By OMAR FORD The (Beaufort) Gazette
BEAUFORT, S.C. -- At first glance, The Corners community on St. Helena Island looks like a winning recipe for small businesses. Each year, thousands of tourists drive the two-lane, milelong stretch to Penn Center and Hunting Island State Park.
But some Corners business owners say it's not easy to carve out a niche and run a successful business here.
The strip once referred to as downtown St. Helena has at least three businesses that have closed this year, leaving a dozen or so others to contend. Recently, Ultimate Eating and No Pork Cafe have been replaced by the Sea Island Cafe and The Rhett Gallery.
The buildings remain the same, but the occupants constantly change.
Without stronger community support, more resources and clearer direction, the businesses are doomed to fail in this venue.
"I don't know if (the community) actually realizes the absolute need for their support of these small businesses," said Veronica Gerald, former director of history and culture at Penn Center.
Whenever a family passes by the Sea Island Cafe to have a Sunday meal at Golden Corral in Beaufort, that hurts and the impact of those dollars lost is felt, she added.

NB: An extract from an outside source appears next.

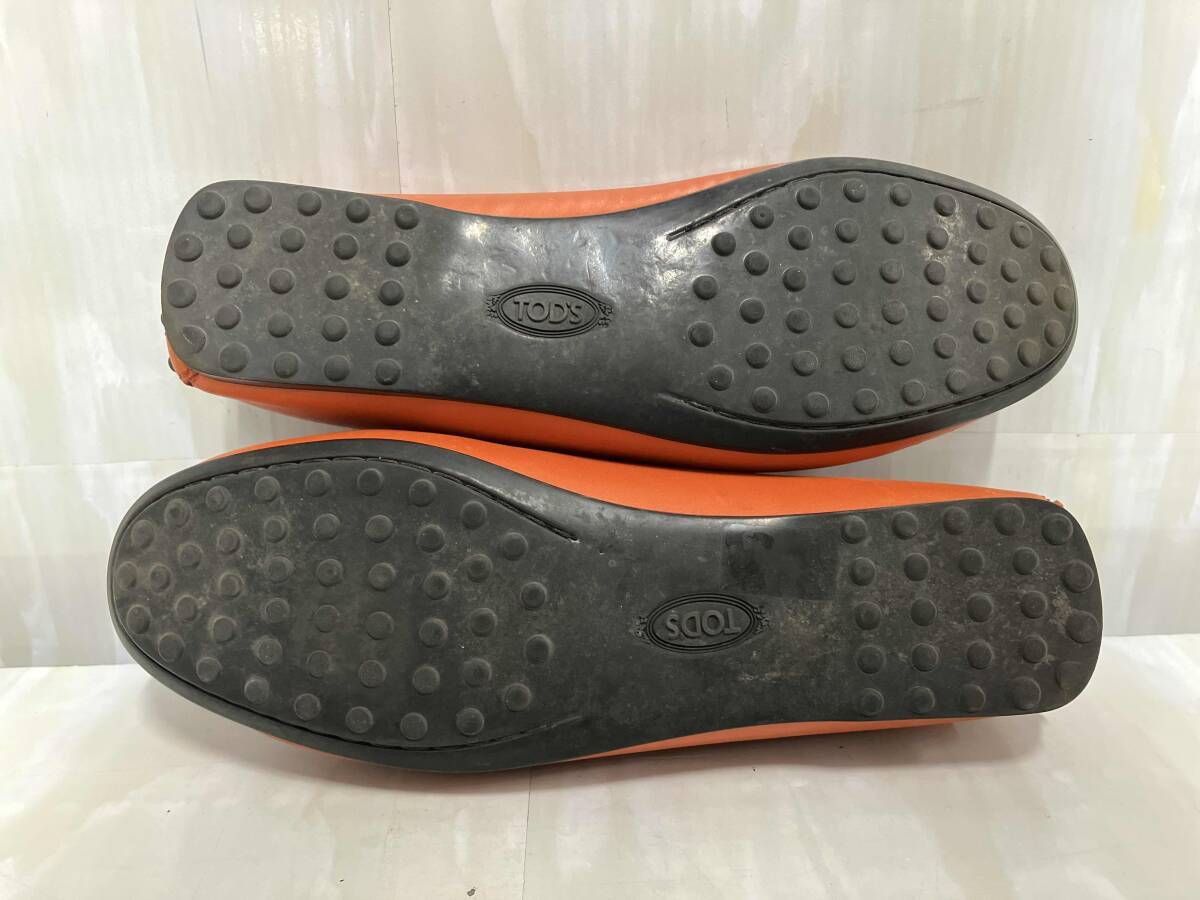 TOD'S トッズ ドライビングシューズ レザー オレンジ 35 1/2サイズ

In her tenure with Penn Center, Gerald would refer tour buses that came to the historic site to eat at St. Helena Island restaurants. "The owners would tell me, 'Thank you. I just made payroll because of that,' " Gerald said.
Soliciting community support was a move Mary Mack made immediately when she took over Red Piano Art Gallery Too in July. By August she had invited her church, Faith Memorial Baptist, to the gallery's open house.
"They might not have all come to the open house, but they kept coming to the gallery after then," she said.
If businesses want to survive they have to really stir up community involvement, said Larry Holman, president of the Beaufort County Black Chamber of Commerce. "When it comes to recycling the dollars in the community, we just don't have enough of that." he said.
Sea Islands businesses have strong ties to the Gullah culture, and on St. Helena, business owners are looking to cash in on this treasure.
Gullah people occupied the Lowcountry along the Southeastern coast from the Cape Fear River in North Carolina to the St. John's River in northern Florida.
They are a distinct group of people, who are descendants of enslaved Africans from the west and central agricultural regions of Africa.
Many of their traditions are practiced today.
Stores in the Corners community carry many different foods and arts and crafts derived from the culture.
In 1991, Kitty Green and her husband started the Gullah House Restaurant in the Corners community, starting the trend of Gullah businesses, she said.
Green said back then, Gullah was just becoming popular and people hadn't fully tapped into the culture's marketing capabilities.
The Gullah House was an "upscale restaurant," she said.
The business was expanded to downtown Beaufort where as many as 50 employees were on the payroll. But Green moved too fast, she said, and was forced close in 1997.
The Gullah trend, however, had begun. The Gullah Grub and the Gullah Welcome Center emerged with the impetus of promoting Gullah culture and others followed suit.
The Greater Beaufort Chamber of Commerce has produced a brochure spotlighting the businesses and attractions on St. Helena, said Libby Barnes, chamber president.
If the businesses want to succeed, Green said there needs to be more collaboration between businesses and the community. Resturants need to refer customers to art galleries, galleries need to refer tourists to historic attractions, and so on.
Now Green runs Gullah Geechee Mahn Tours, which works with many restaurants inside and outside the Corners community. "A business could work," Green said. "It'll take a lot of marketing, a strong voice in the chamber and a lot of hard work."